SÃO PAULO, SP (UOL/FOLHAPRESS) - Padre Júlio Lancelotti foi proibido de transmitir missas online e suspendeu suas atividades em mídias sociais após determinação do cardeal arcebispo de São Paulo, dom Odilo Scherer. Caso o sacerdote discorde da decisão, é possível recorrer ao papa?
O Código de Direito Canônico define várias formas de contestar, começando com o contato com autor da ação. Documento de 1983, assinado pelo papa João Paulo 2º, cita que "quando um sacerdote se sentir prejudicado, ele deve seguir um processo que busca evitar ou dirimir [resolver] a controvérsia" e que isso deve ser feito diretamente para o superior que emitiu a ordem.
Sacerdote pode apelar para recurso hierárquico. Decisão pode ser levada a um superior religioso. No caso do padre Júlio, que é um sacerdote diocesano, a ordem veio do cardeal arcebispo de São Paulo. Em nível hierárquico, em função da dupla nomeação -cardeal (conselheiro do papa) e arcebispo (responsável pela região do estado de São Paulo)-, só tem o papa acima de dom Odilo.
Uma das primeiras instâncias é o Tribunal Eclesiástico Canônico. Geralmente, esse tribunal local lida com questões da vida da Igreja -como declaração de nulidade matrimonial ou questões disciplinares. Ele não pode revogar a decisão de um bispo ou cardeal, mas pode emitir pareceres disciplinares, que podem ser usados por instâncias superioras.
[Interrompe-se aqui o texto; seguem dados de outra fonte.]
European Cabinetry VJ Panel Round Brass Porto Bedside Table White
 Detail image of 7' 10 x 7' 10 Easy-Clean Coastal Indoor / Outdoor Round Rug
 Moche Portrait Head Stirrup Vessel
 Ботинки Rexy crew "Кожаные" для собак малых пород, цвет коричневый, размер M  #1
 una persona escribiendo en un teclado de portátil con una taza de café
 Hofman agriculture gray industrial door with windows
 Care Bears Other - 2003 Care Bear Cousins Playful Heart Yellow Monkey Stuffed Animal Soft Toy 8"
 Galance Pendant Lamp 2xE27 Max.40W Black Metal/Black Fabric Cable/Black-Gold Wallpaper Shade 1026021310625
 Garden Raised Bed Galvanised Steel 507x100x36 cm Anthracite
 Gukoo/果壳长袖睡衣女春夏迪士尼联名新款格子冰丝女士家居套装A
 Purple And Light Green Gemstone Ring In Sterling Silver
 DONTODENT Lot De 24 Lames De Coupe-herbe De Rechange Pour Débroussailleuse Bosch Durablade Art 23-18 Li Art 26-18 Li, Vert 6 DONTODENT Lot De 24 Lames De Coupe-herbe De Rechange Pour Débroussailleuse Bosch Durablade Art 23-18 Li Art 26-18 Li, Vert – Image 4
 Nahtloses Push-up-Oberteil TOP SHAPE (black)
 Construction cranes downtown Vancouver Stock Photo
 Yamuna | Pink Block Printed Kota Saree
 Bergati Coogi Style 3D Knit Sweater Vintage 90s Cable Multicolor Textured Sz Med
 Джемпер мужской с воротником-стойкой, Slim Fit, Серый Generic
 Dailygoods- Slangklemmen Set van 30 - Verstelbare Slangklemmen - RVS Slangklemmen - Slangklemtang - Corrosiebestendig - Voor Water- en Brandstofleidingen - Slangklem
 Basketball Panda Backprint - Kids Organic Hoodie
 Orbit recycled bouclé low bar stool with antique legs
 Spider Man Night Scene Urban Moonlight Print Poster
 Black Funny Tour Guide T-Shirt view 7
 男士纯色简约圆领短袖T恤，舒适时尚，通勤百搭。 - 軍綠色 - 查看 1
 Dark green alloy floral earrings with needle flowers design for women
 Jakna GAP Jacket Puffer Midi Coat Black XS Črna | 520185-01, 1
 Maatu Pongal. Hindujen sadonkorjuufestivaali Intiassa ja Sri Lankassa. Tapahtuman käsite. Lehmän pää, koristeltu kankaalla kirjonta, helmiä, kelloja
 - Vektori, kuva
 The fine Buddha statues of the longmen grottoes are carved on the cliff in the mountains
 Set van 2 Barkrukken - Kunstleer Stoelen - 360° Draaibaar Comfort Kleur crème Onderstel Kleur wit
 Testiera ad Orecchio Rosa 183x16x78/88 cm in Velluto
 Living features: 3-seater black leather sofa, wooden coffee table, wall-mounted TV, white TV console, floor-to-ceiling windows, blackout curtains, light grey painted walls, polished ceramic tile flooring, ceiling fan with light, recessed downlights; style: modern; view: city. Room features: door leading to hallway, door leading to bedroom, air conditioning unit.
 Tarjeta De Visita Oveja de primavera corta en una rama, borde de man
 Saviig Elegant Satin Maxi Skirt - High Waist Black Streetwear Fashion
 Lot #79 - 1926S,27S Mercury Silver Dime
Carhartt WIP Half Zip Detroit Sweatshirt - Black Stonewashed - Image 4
Depois da tentativa local, há contestação na sede da Igreja. Lá, o Dicastério para o Clero pode pedir revisão de uma decisão de um bispo ou cardeal, se houver suspeita de abuso de autoridade ou se decisão contrariar Direito Canônico. Se sugestão não for aceita, o papa pode intervir e determinar que ordem do Dicastério prevaleça.
Recurso chega ao papa via Dicastério ou se chefe da Igreja decidir intervir. Neste último caso, ocorre devido à repercussão ou importância do assunto. Em 2023, por exemplo, o papa Francisco destituiu um bispo dos EUA por criticar o acolhimento católico à comunidade LGBTQIA+ -antes disso, o pontífice havia pedido que ele renunciasse, o que ele se negou. Em outro caso, em 2019, o mesmo papa Francisco destituiu um cardeal acusado de abusos.
Não custa lembrar que padre Júlio reafirma "pertença e obediência à Arquidiocese de São Paulo". A Arquidiocese afirma que o assunto diz "respeito ao âmbito interno da Igreja" e que questões foram tratadas entre o arcebispo e o padre. Ex-vereador do PT e "salvo pelo religioso", Toninho Kalunga, em entrevista à Folha de S.Paulo, diz que ato de dom Odilo é para proteger padre Júlio de perseguições políticas e que ação não reduz "suas atividades nas ruas, junto aos pobres".
Padre Júlio Lancelotti foi ordenado em 1985. Ele é coordenador da pastoral do Povo da Rua da Arquidiocese de São Paulo, e é pároco da igreja São Miguel Arcanjo, na Mooca, na zona leste de São Paulo. Ele é alvo de críticas de grupos conservadores, por acharem que atua mais como político do que como religioso.